On the weekend, they went to Kumamoto and visited the Kumamoto Castle, Suizenji gardens, and the city area that was damaged by the Kumamoto earthquake and which is now under restoration. In addition to learning Japanese culture, they realized that the earthquake countermeasures of Japanese houses were advanced. They visited Saga City Eco Plaza and Saga Castle Historical Museum, and learned about the efforts towards development of biomass industrial cities in Saga prefecture and the history of Saga City, to deepen their understanding of Saga prefecture. They participated in the Summer Seminar for Young Analytical Chemist in Kyushu, and made the poster presentation of research results done at the laboratory of their home country.
Introduction of the state of activities at Saga University Graduate School of Science and Engineering (Department of Chemistry and Applied Chemistry).
The original carbon nanotube composite electrode was made in the accepting laboratory. Using this electrode, a highly sensitive sensor for glucose detection using an electrode with the interface functionalized with MOF (Metal Organic Framework) was developed. Mr. Riki Hermawan and Mr. Fariz Hidayat of Surabaya Institute of Technology, who were already conducting collaborative research, fabricated the anode of a microbial fuel cell using a nano carbon modified electrode and conducted a performance evaluation. It seems that this was a good opportunity for explaining the experimental operations in English for the Japanese students who helped in the training.
The three invited students gave presentations in English for about 20 minutes each about the research results obtained in the program and introduced the research of their home university. The Japanese undergraduate students and graduate students also introduced their own research in English for about 10 minutes each.
<Inspection and academic conference>
On July 28th (Saturday), they participated in the 36th Summer Seminar for Young Analytical Chemist in Kyushu and also made a poster presentation. Then they traveled to Kumamoto City, and visited the Kumamoto castle, in the urban area that was damaged by the Kumamoto earthquake, and which is now under restoration. It seems that they realized the magnitude of the earthquake by seeing the large stone that had fallen down. It seems that they were very interested in the Japanese-style garden at the Suizenji gardens. It was a pretty hot day, but they appeared to be reasonably unhampered by the heat.
On July 31st (Tuesday), they visited Saga City Eco Plaza, Okuma Shigenobu Memorial Hall and birthplace, Saga Prefectural Honmaru History Museum, and learned about the relationship between Saga City and Japanese history, and the efforts towards development of biomass industrial cities of Saga prefecture.
<Impressions of Japanese graduate students>
Impressions from the graduate students who lead the program.

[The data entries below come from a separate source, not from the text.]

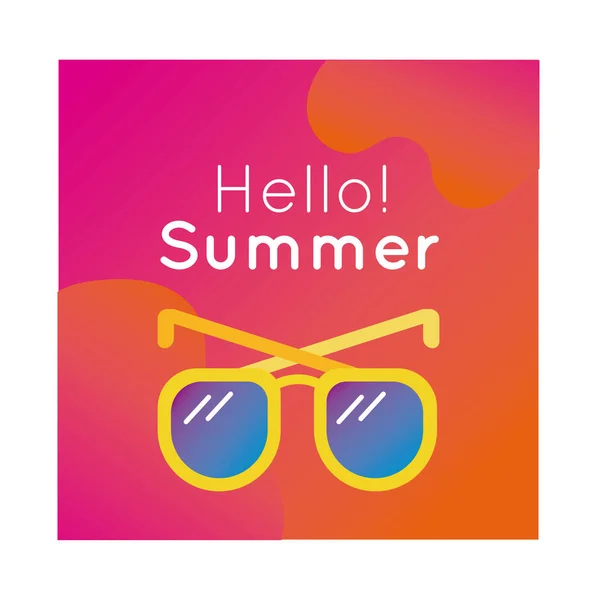 Hallo Sommer buntes Banner mit Sonnenbrille — Stockvektor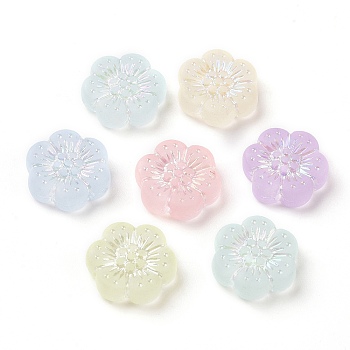 Transparent Frosted Acrylic Beads, AB Color Plated, Flower, Mixed Color, 12.2x13x4mm, Hole: 1.2mm, about 1150pcs/500g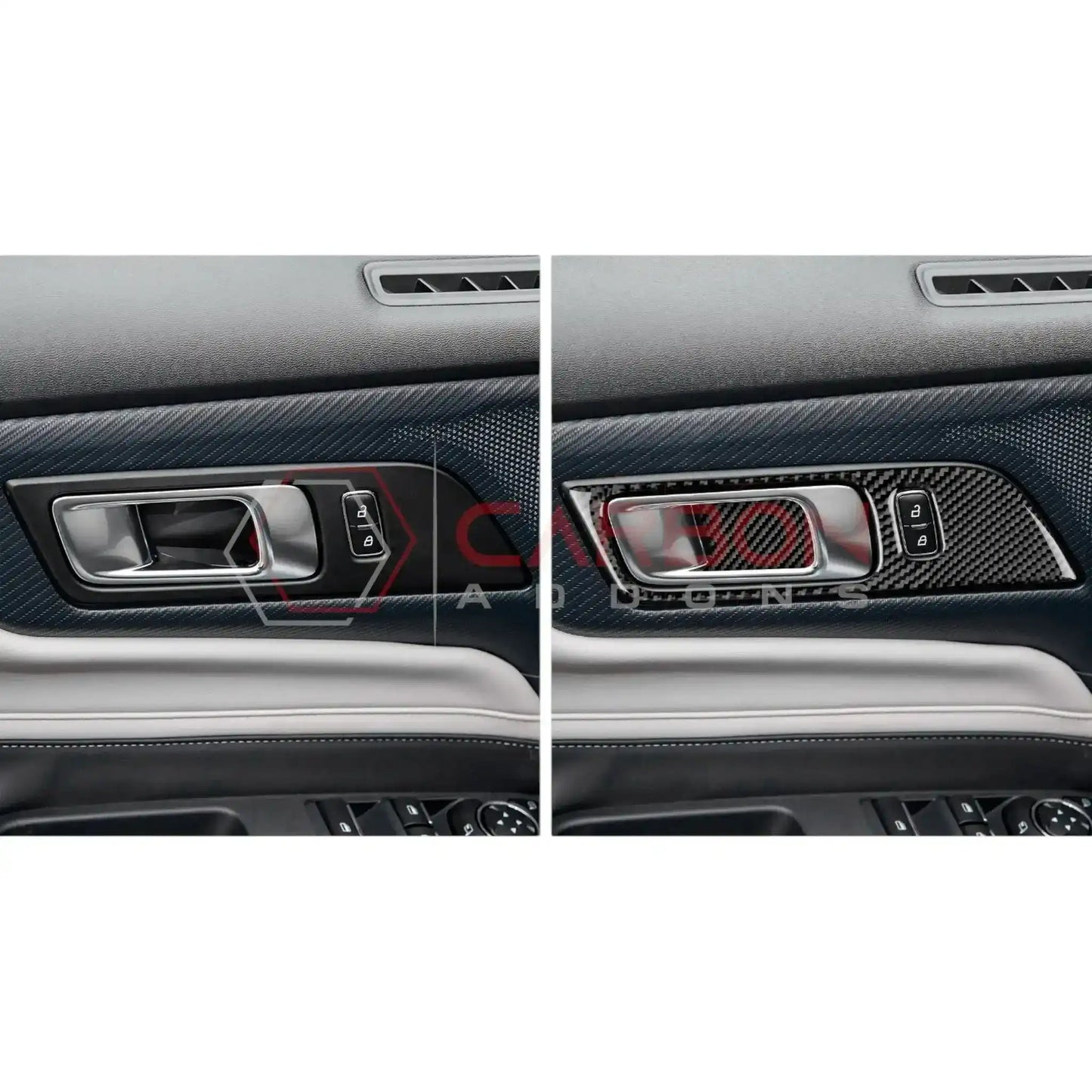 Real Carbon Fiber Interior Door Handle Trim Overlay for 2024+ Ford Mustang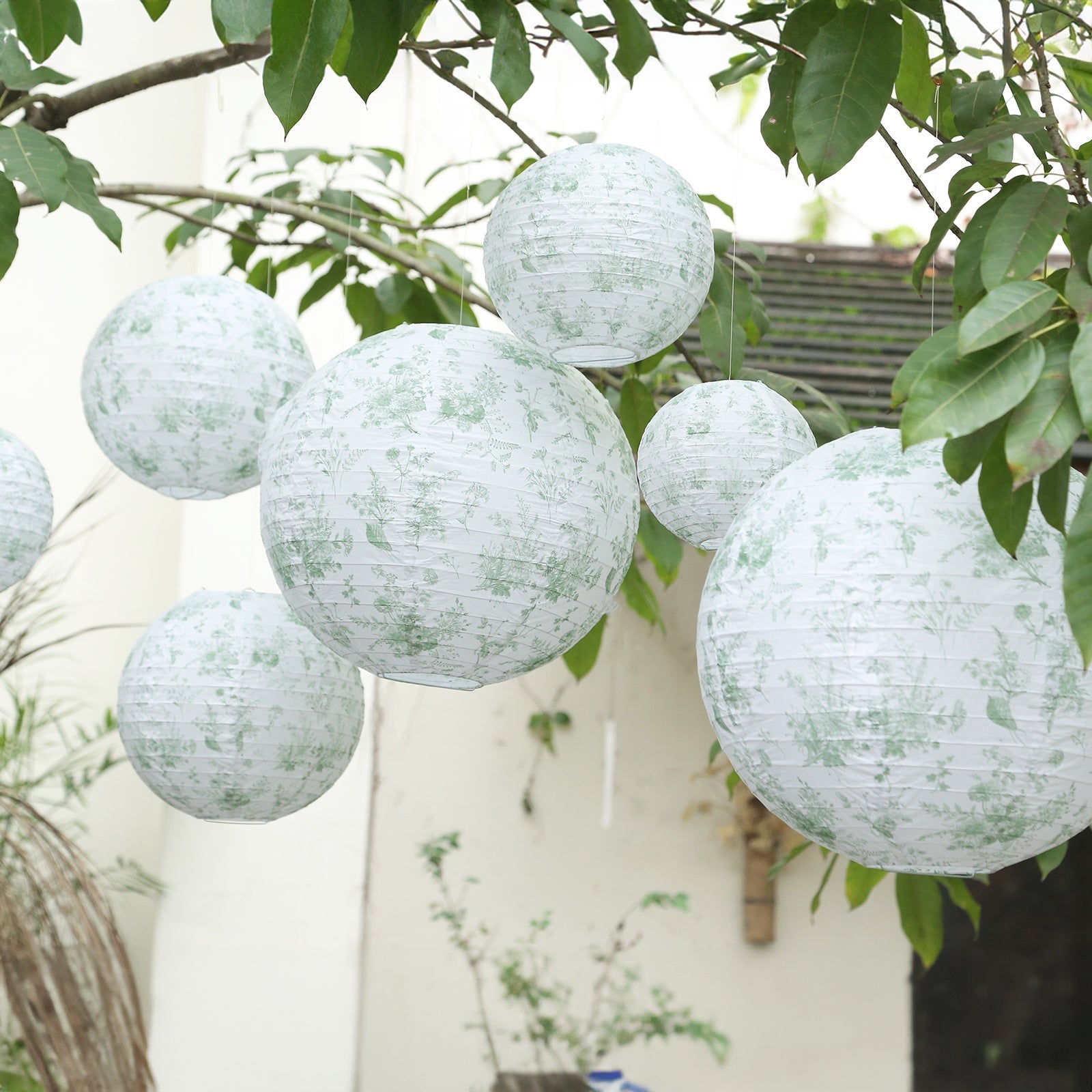 Set of 8 White Sage Green Hanging Chinese Lanterns in French Toile Floral Pattern, Festival Paper Lanterns - 6",8",10",14" - Bell Racket Store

Mr. T: I was in-charge of the Indian student. I was able to learn the differences in culture and economy between India and Japan, while having the lunch together and talking. I was also able to learn new methods of thinking by discussing the experimental results. This program was also a good experience for me.

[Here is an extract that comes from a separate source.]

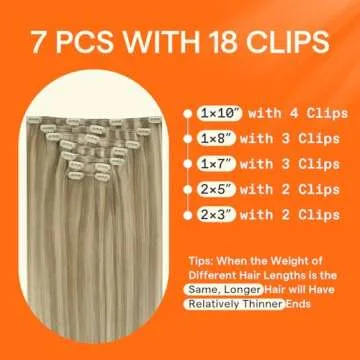 Full Shine Blonde Highlight Clip in Hair Extensions Human Hair Clip in Hair Extensions Remy Human Hair 7 Pcs Double Weft Clip in Extensions Real Hair 18 Inch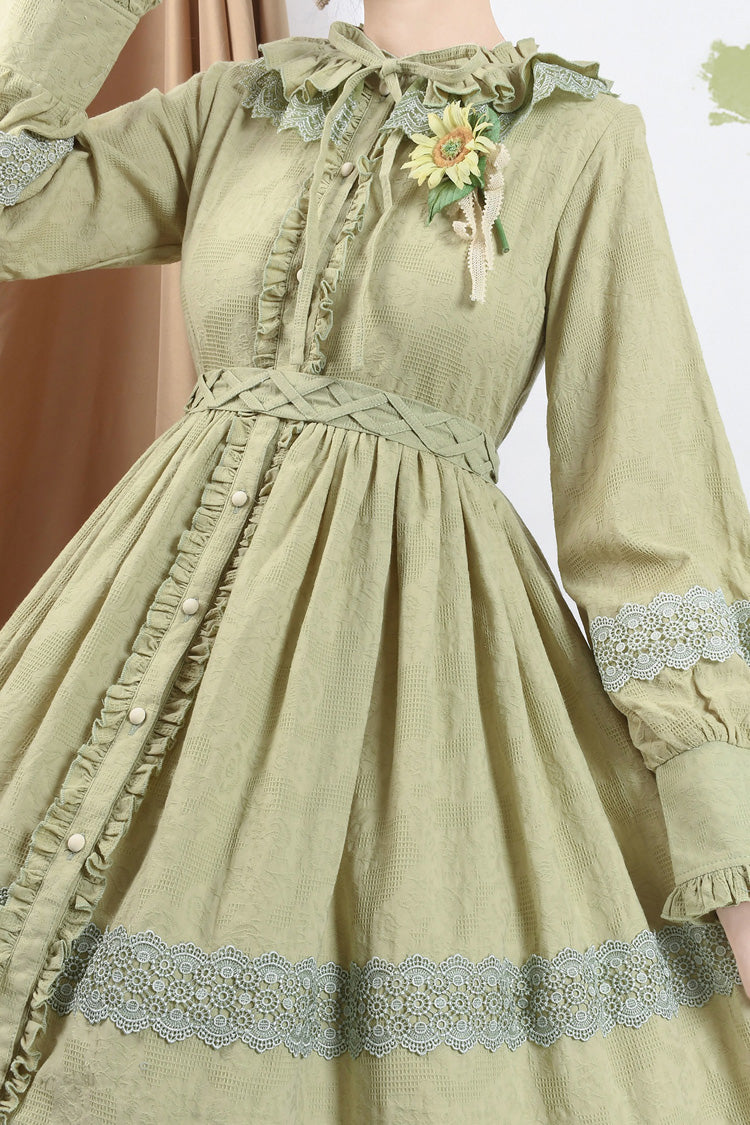 Spring Dawn Long Sleeves Jacquard Ruffle Bowknot Sweet Vintage Lolita Dress 3 Colors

Mr. S: I was in-charge of the two Indonesian students with the same research theme as myself, and each of them shared their skills and know-how. As we discussed the experimental results, the understanding became deeper, and we were able to find a new approach for the issue. Through this program, I was able to cultivate the ability to discuss equally with overseas people, in addition to deepening my understanding of cross culture.
The award ceremony for the course completion certificate was held on the day before they were leaving for their home country. A “Takoyaki” party was held as a farewell party. The cooperation in cooking between the invited students and the Japanese students, made for a happy, harmonious and wonderful moment.
Finally, they would like to express their sincere gratitude to all the administrative staff of the university for their cooperation in conducting this program, and to all the students of the university who made a great contribution. They deeply appreciate the “SAKURA exchange program in Science” for its support.